Homologous recombination

Homologous recombination plays a key role in the maintenance of genomic integrity of a cell

Double stranded breaks (DSBs), which can be generated by a number of intrinsic and extrinsic factors, are deleterious for a cell and must be accurately repaired. DSBs are mostly repaired by either homologous recombination (HR) or non-homologous end joining. Repair through HR depends on strict sequence homology and is known to be the most precise repair mechanism, whereas non-homologous end joining (NHEJ) directly ligates broken DNA ends and is known to be a more error prone mechanism [1,2]. HR plays important roles during both mitosis and meiosis. Mitotic HR occurs in both the germline and somatic cells and plays a key role in the maintenance of genomic integrity by ensuring precise and timely repair of DNA damage. HR is closely linked to cell cycle. Cell cycle checkpoints ensure that damage to DNA is repaired prior to entry of cell into mitosis (G2/M checkpoint) or S phase (G1 checkpoint). Proteins such as p53 regulate both the cell cycle checkpoints and HR. The G2 checkpoint plays a critical role in the maintenance of genomic integrity because if DSBs are not repaired before entry of the cell into mitosis, they can lead to rearrangements or loss of chromosomal fragments in the subsequent G1 phase of the cell cycle. In late S and G2 phases, HR can use the sister chromatid as a template to accomplish error free repair of DNA damage. Homologous recombination in G1, which utilizes homologous chromosome as a template for repair synthesis, is suppressed at multiple levels. This ensures that the mitotic homologous recombination machinery uses only the sister chromatid as a template so that repair synthesis is error free [3-5]
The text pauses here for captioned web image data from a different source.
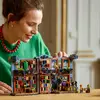 LEGO Icons Книжный магазин: Подставка 11379 Photo 6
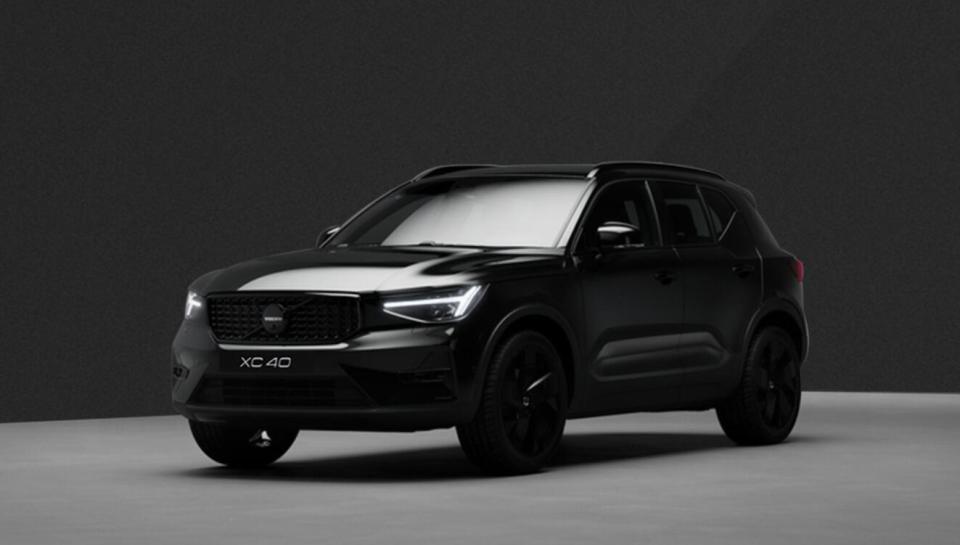 采用纯黑设计,沃尔沃xc40极夜黑版上市售32.08万元起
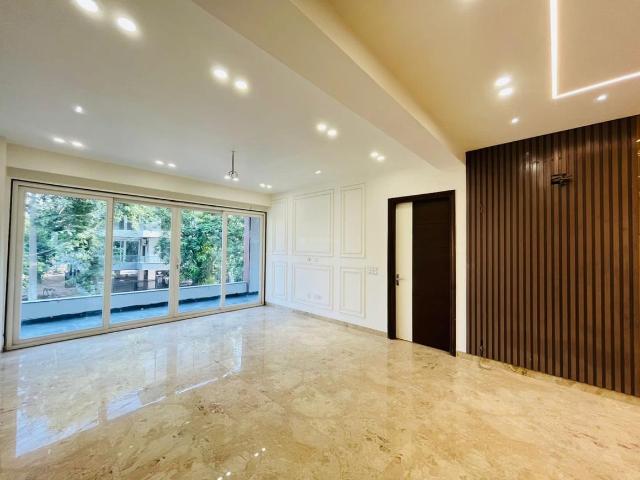 4 BHK Independent Builder Floor in Sector 49 for resale Gurgaon. The reference number is 10267572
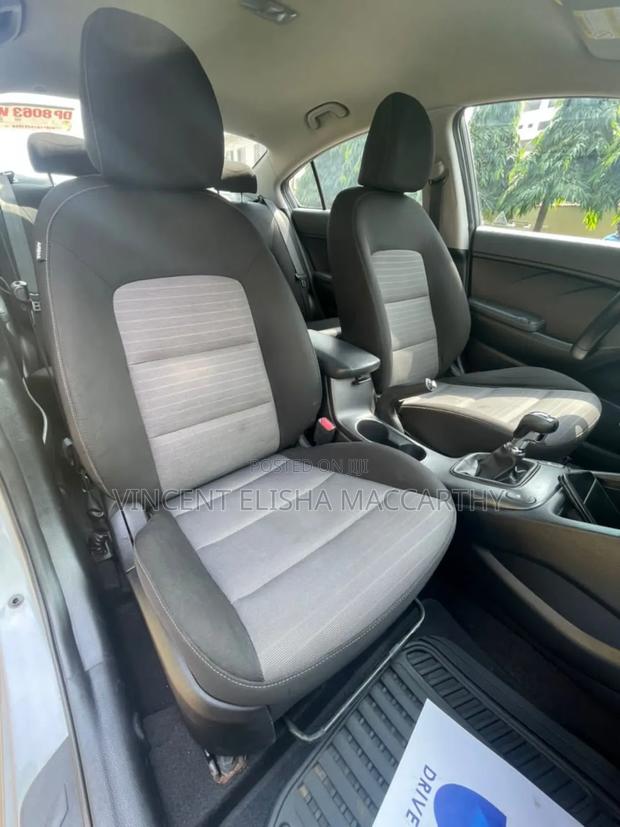 Kia Cerato 2016 Gray
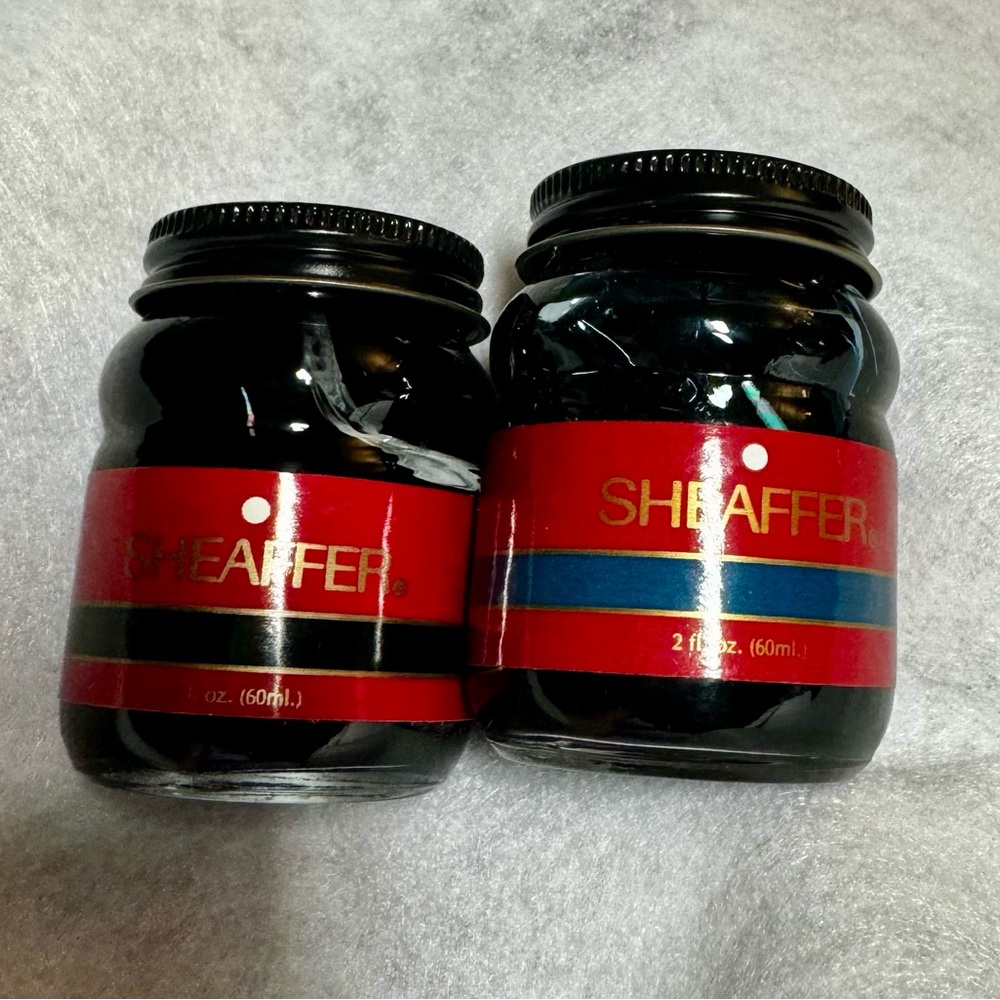 Sheaffer Fountain Pen Ink in Black and Blue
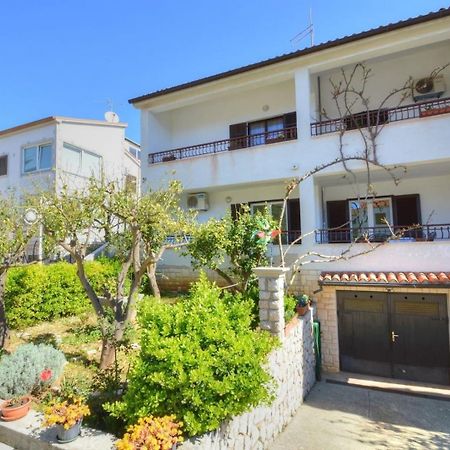 מלון מאלי לוסיניי House Rahela מראה חיצוני תמונה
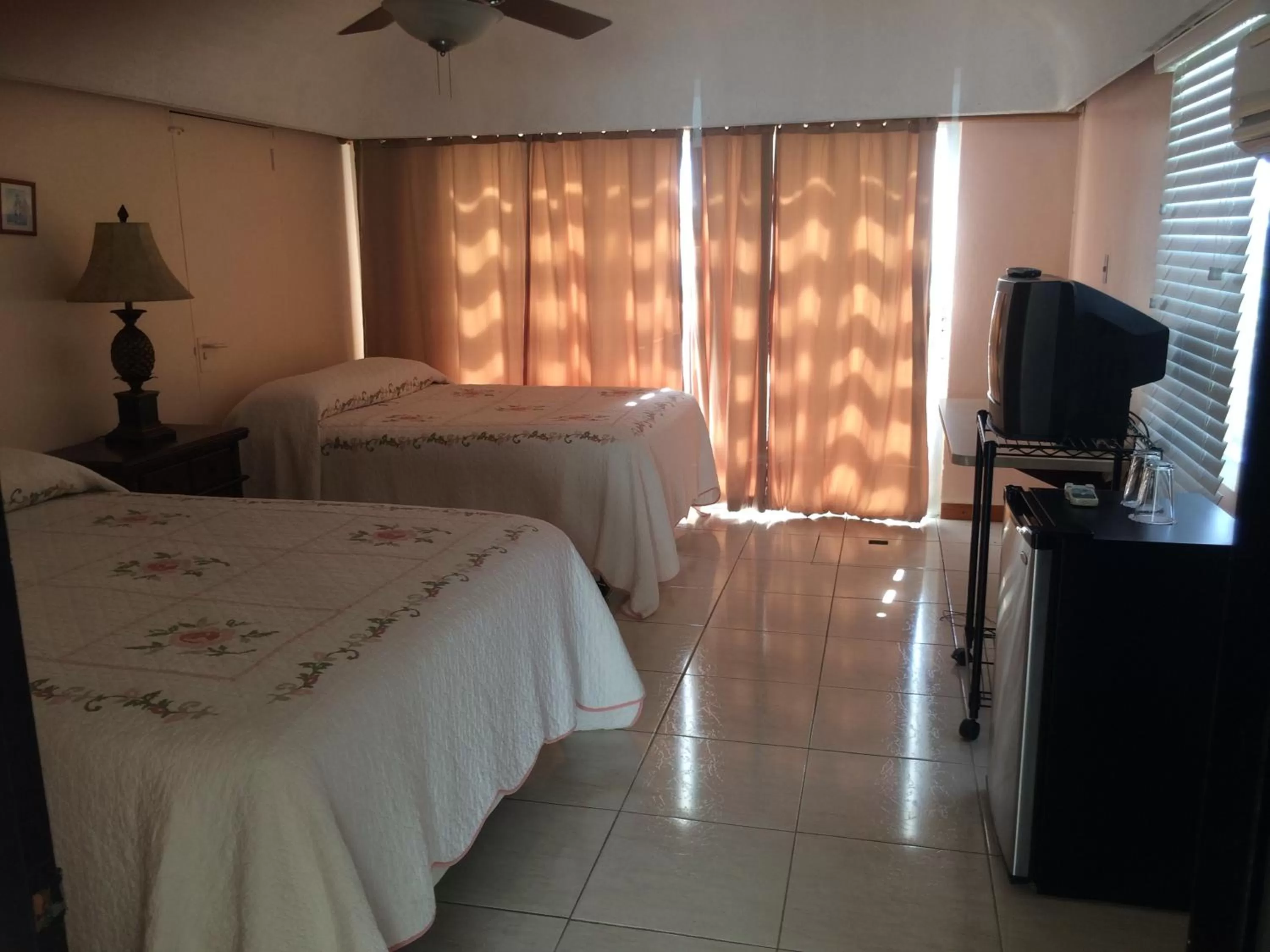 Bedroom, Bed in Fort Burt Hotel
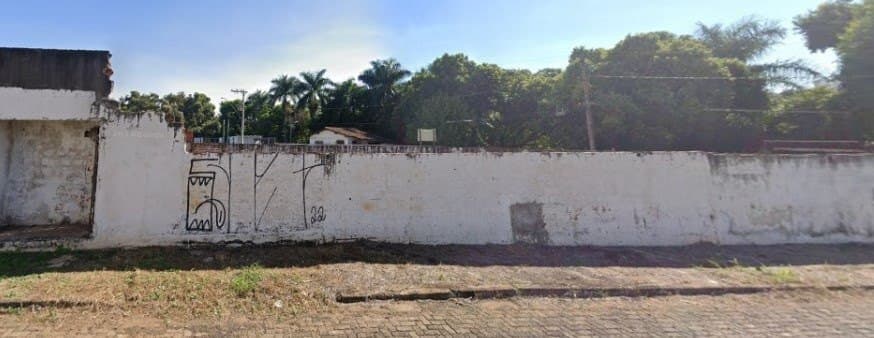 Terreno à venda no bairro Tubalina em Uberlândia/MG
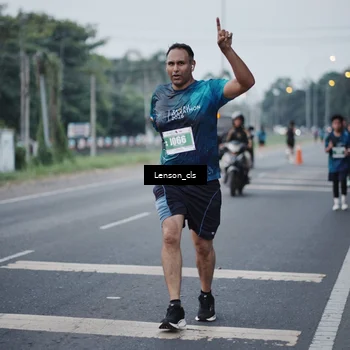 Runner Photo 4384396
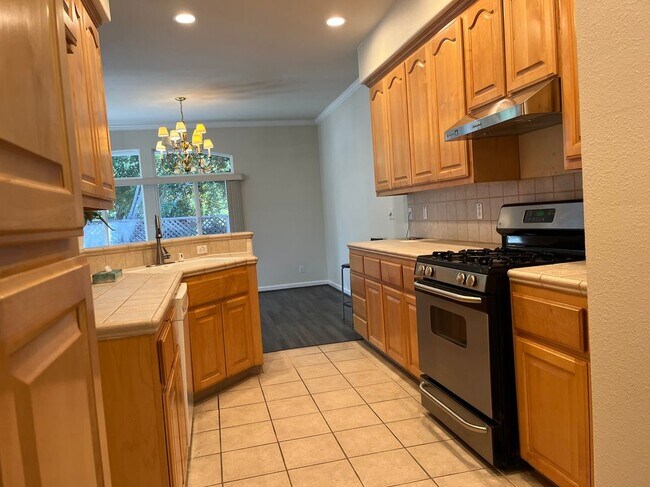 19938 Josh Pl Castro Valley, CA 94546 photo 5
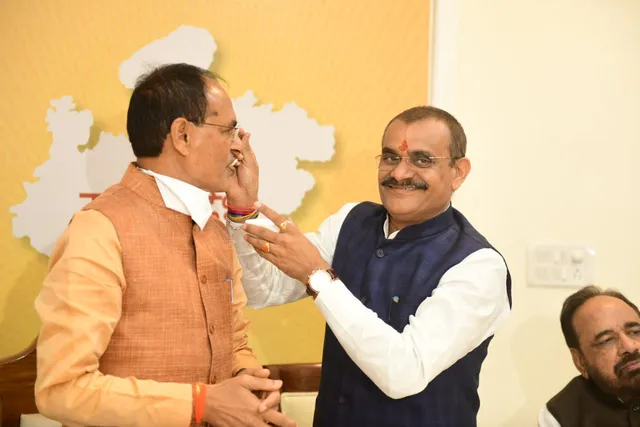 ମଧ୍ୟପ୍ରଦେଶ ଉପ-ନିର୍ବାଚନରେ ବିଜେପିର ବିପୁଳ ବିଜୟ, ୯ଟିରେ ବିଜୟ, ୧୦ଟିରେ ଆଗୁଆ, ସୁରକ୍ଷିତ ରହିଲା ଶିବରାଜ ସରକାର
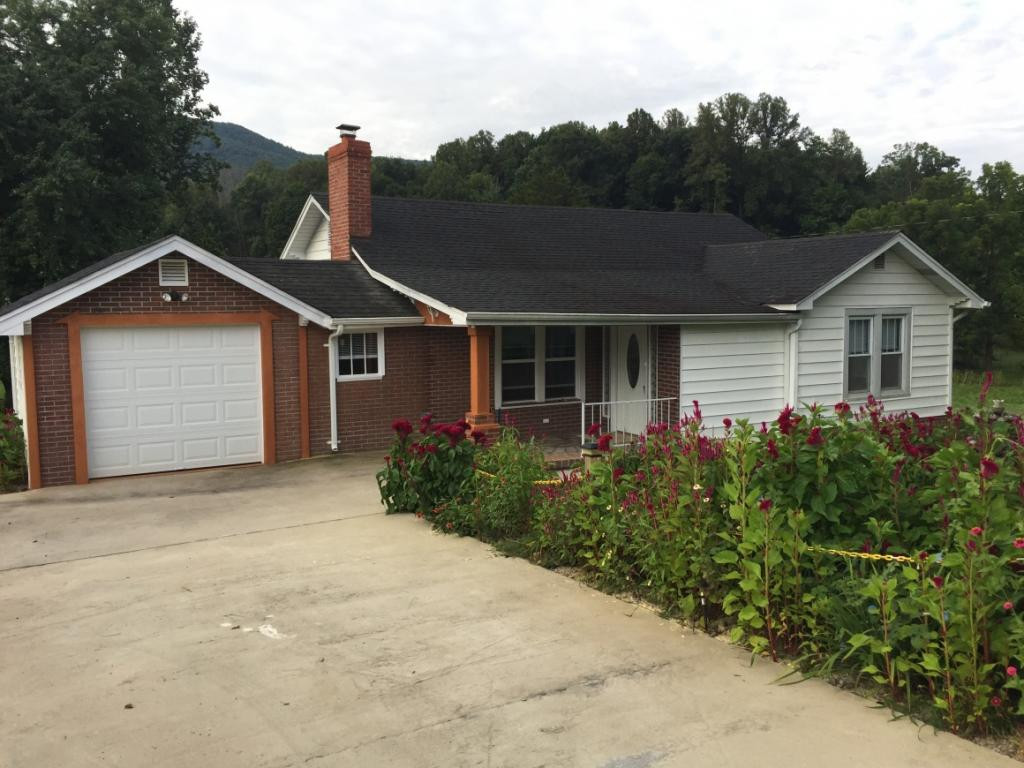 2425 Cherokee Road Johnson City, TN 37604 - Photo 1 of 30 Photo 1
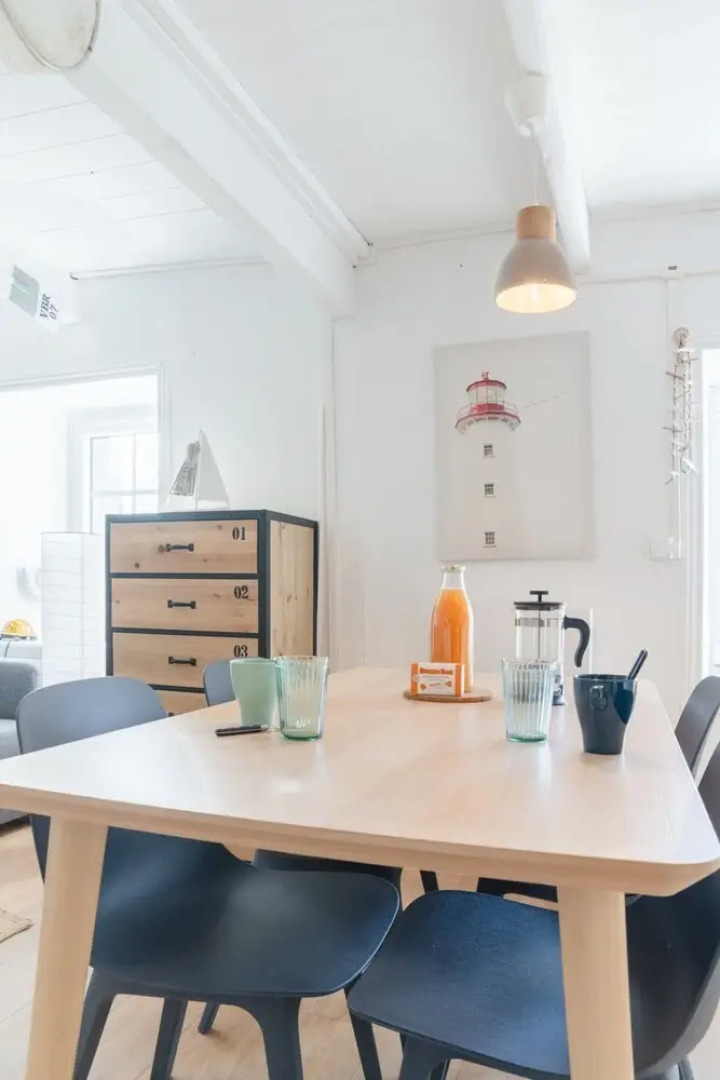 Small Cocoon for 2 by the sea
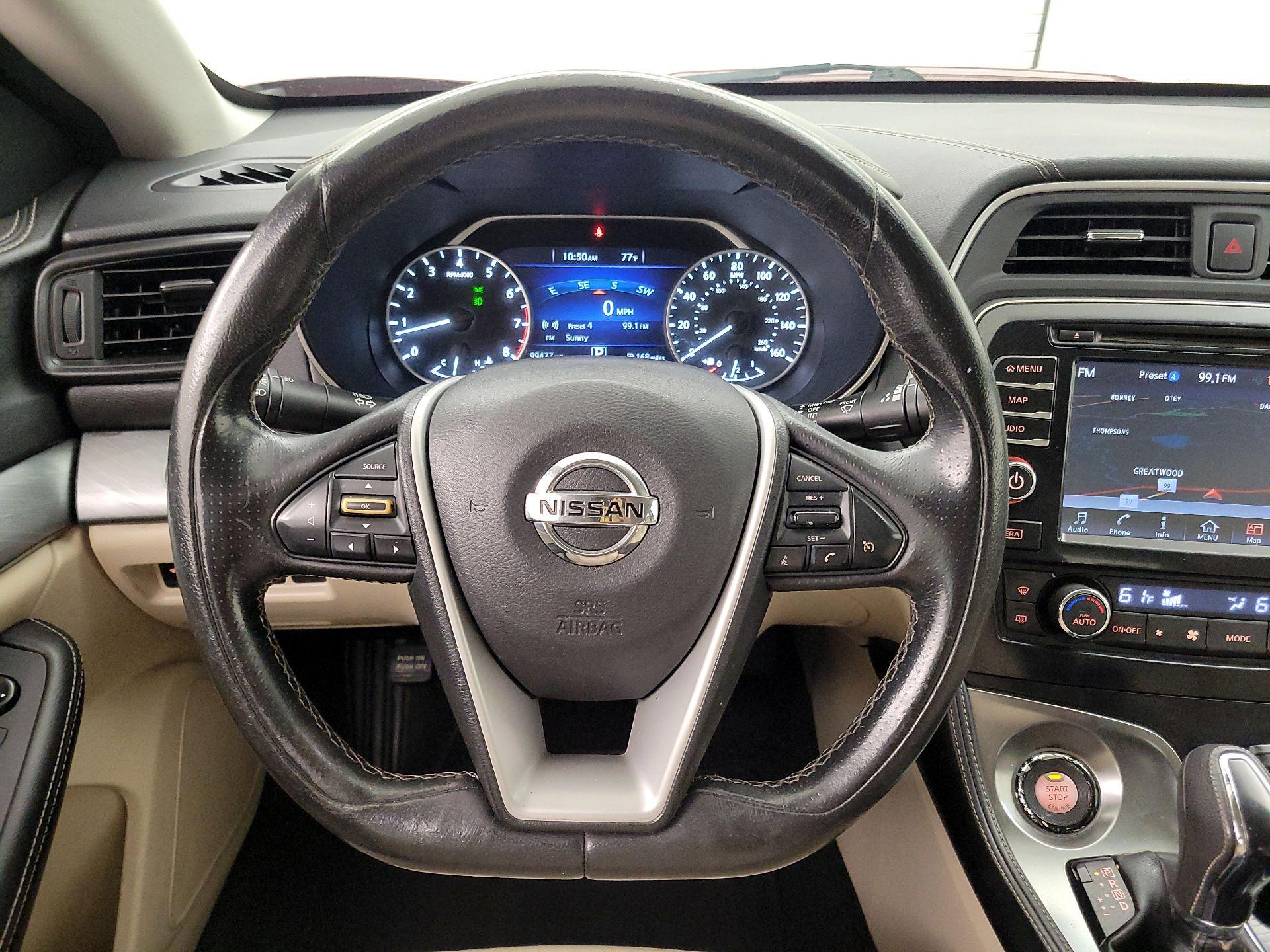 Thumbnail: 2016 Nissan Maxima - 10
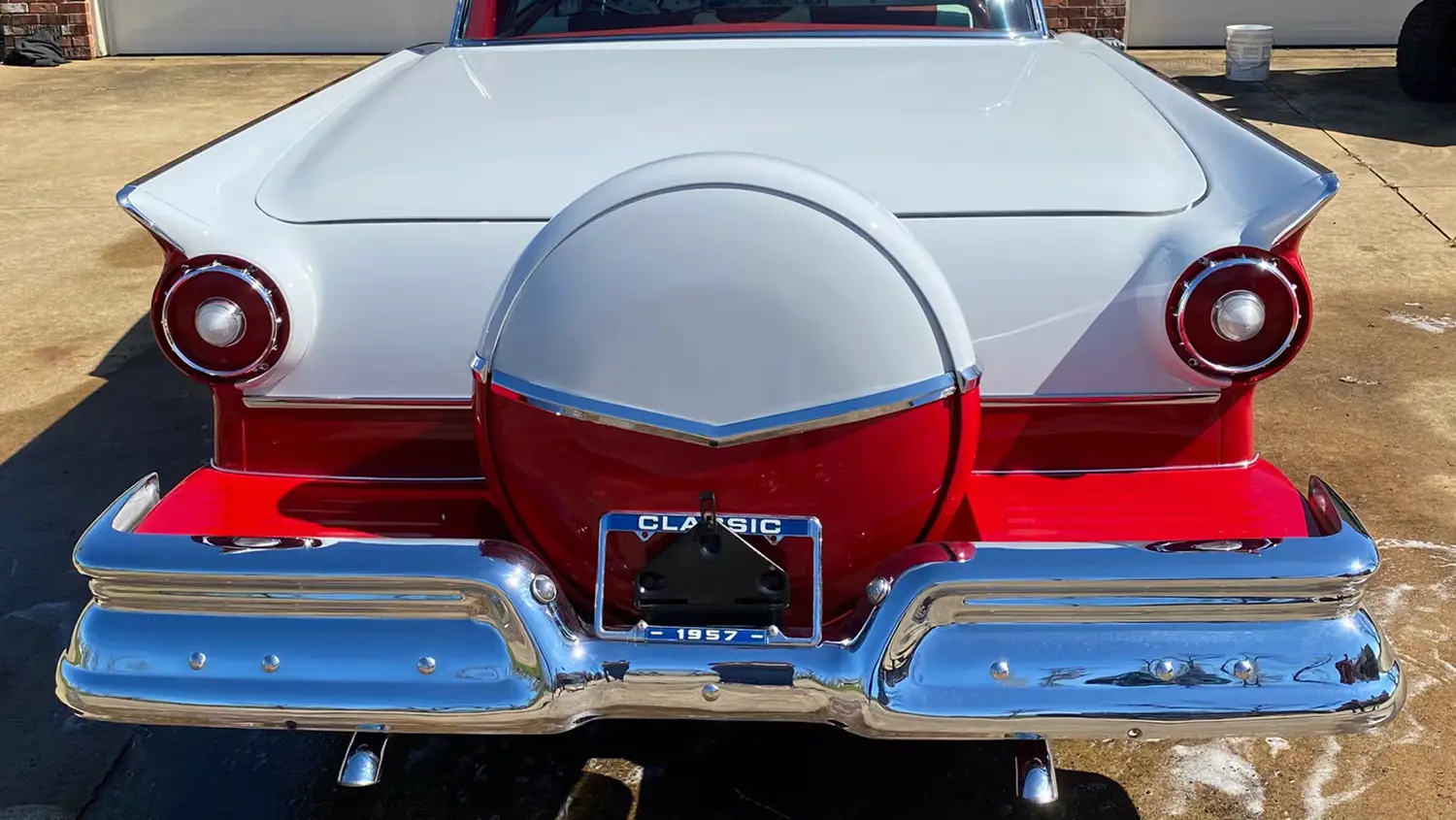 1957 Ford Fairlane 500 Skyliner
Meiotic HR ensures genetic diversity and proper chromosomal segregation

Meiotic homologous recombination is not only a repair mechanism but also serves as a tool to generate diversity through exchange of genetic information between homologous chromosomes and also contributes to evolution of genes and proper chromosomal segregation [1,4,6]. Meiotic recombination in the first nuclear division is initiated by the introduction of double-strand breaks (DSBs) by Spo11, a topoisomerase-like enzyme, at specific sites known as hotspots, which range in number from 10,000–40,000 in mammalian cells [7]. Induction of DNA breaks is followed by repair synthesis using a homologous chromosome or a sister chromatid as a template. It seems multiple mechanisms ensure usage of a homologous chromosome as the more frequent/preferred choice over sister chromatid during meiotic HR in yeast [8]. This is important to ensure exchange of genetic material between homologous chromosomes and accurate chromosomal segregation.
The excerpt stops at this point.